Within these broad boundaries the candidate could explore a wide range of topics including but not limited to:
- The gap between production of scientific information and the use of science in adaptation and management decision-making;
- Understanding the structure of adaptation barriers;
- Institutional and policy organization guiding adaptation planning processes;
- Information needs, delivery, and application for plan implementation;
- Develop and improve decision support tools in collaboration with stakeholders to evaluate (alternate) management and response strategies;
- Identifying potential conflicts among stakeholders that may arise as a result of climate change;
- Identifying how proposed adaptation strategies affect stakeholders (positive and negative effects);
- Identifying the effects of geographic scale on adaptation strategies.
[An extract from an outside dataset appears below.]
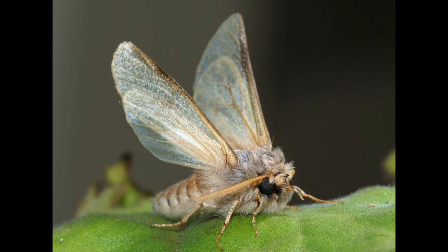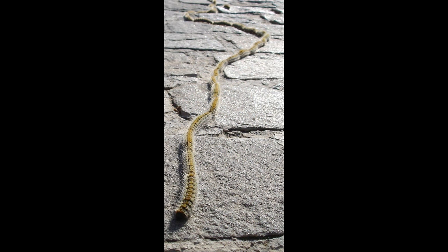These are the caterpillars of the pine processionary moth. It's a moth that's found throughout the Mediterranean, and the larvae, the caterpillars, feed on pine needles. They spend most of their lives as caterpillars in nests up in the canopy of these pines, and it's only when they leave the pines to look for places in which to pupate that we tend to see them, and that's when people see them walking in single file, looking for places to pupate, to turn into these moths.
Candidates should possess strong skills in applying both qualitative and quantitative social science methods in the context of climate change. A successful proposal will use a mixed methods approach including both qualitative and quantitative research techniques; advance the understanding of how science can better connect to climate adaptation planning and implementation processes from the regional to local levels; and contribute to the advancement of institutional analysis and/or policy related science.
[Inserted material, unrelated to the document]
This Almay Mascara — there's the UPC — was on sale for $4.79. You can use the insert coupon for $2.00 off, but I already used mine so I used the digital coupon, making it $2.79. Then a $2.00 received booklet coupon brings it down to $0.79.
The project will be conducted in collaboration with a team of representatives from the USGS Fort Collins Science Center (https://www.fort.usgs.gov/branch/400), the USGS North Central Climate Science Center (http://www.doi.gov/csc/northcentral/index.cfm), and Colorado State University Natural Resource Ecology Laboratory (http://www.nrel.colostate.edu/) including Nina Burkardt, Rudy Schuster, Jeff Morisette, Shannon McNeeley, and Dennis Ojima, with the objective of integrating the work in the NC CSC adaptation foundational science area (http://revampclimate.colostate.edu/adaptation).
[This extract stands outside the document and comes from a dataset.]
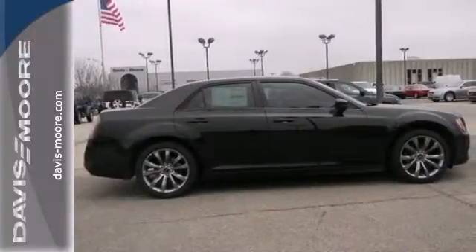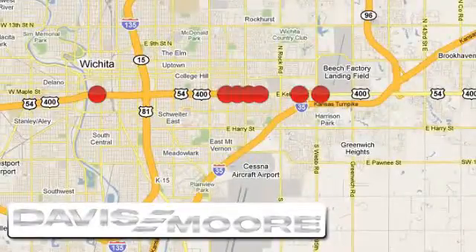Stop in for a test drive today. It's easy doing business at Davis-Moore. Call or stop into the dealership near you today.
Proposed Duty Station: Fort Collins, CO
Areas of Ph.D.: Political science, anthropology, sociology, environmental studies, or other behavioral or social science; or related disciplines appropriate to the position
Qualifications: Applicants must meet the qualifications for a GS-0101 Research Social Scientist. (This type of research is performed by those who have backgrounds for the occupations stated above. However, other titles may be applicable depending on the applicant's background, education, and research proposal. The final classification of the position will be made by the Human Resources specialist).